Celebrate Your Differences
Celebrate Your Differences
Bless the Lord, O my soul; and all that is within me, bless His holy name! Bless the Lord, O my soul, and forget not all His benefits. (Psalm 103:1-2)
One thing that draws us together as men and women in marriage is our God-designed differences. Unfortunately, it is also one of the primary things that causes us to become frustrated with each other and to reject one another as being weird or abnormal.
Men and women are different by God’s design. We think differently from each other. Our major needs are different. God created us with significantly different natures. We need to accept this fact and not allow our minds to be deceived by the lie that there is someone of the opposite sex who is just like us.
I am amused when I see commercials on television about websites that offer single people an opportunity to find their ideal partner. Now, even though I hope everyone finds a compatible spouse, it is unrealistic to think that you’re going to find someone just like you.
Up until now you may have viewed your differences as a curse rather than a blessing. I want to help you be thankful for differences. That’s right; the differences between you and your spouse are actually something you should celebrate.

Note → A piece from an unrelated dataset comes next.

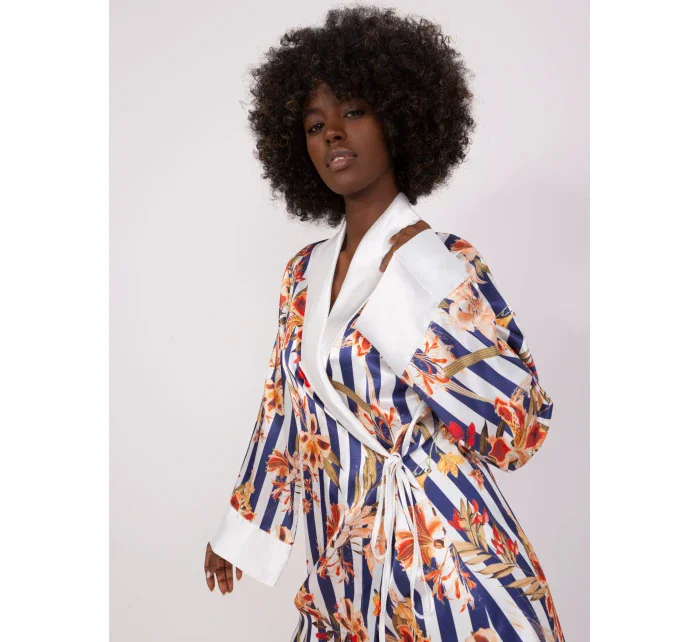 Sada BR KMPL 2542.24 bílá a tmavě modrá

A man I once counseled discovered that truth after thirty years of marriage. He had never experienced an ounce of intimacy with his wife until they began to work on the problem. They made real progress and this is what he told me. “We’ve now gone through three levels in our relationship. In the first one, we totally rejected each other’s differences. Then for about fifteen years we tolerated each other’s differences.
Recently, I’ve come to understand that we can celebrate each other’s differences. I am ashamed to say it has taken me thirty years of marriage to learn this. Finally, I have come to the place I can look at her and say, ‘Thank God for the differences in my wife.’”
Knowing how to celebrate the differences in your spouse will make all the difference in your relationship. And here’s an important key: friends do celebrate their differences.
They enjoy the fact that one person has a gift or a skill they don’t have, or that one person sees things from a different perspective than they do. That’s the way best friends are.
So count your spouse as your best friend. Know that your differences can be dynamic rather than dangerous in your relationship.
Talk It Out | What are some of the gifts or skills your spouse has that you don’t have? Express your appreciation for the strengths you see in your spouse, and talk about ways you can appreciate and celebrate your differences.
Walk It Out | One morning this week, start your day with a date. Wake up early and go to breakfast together.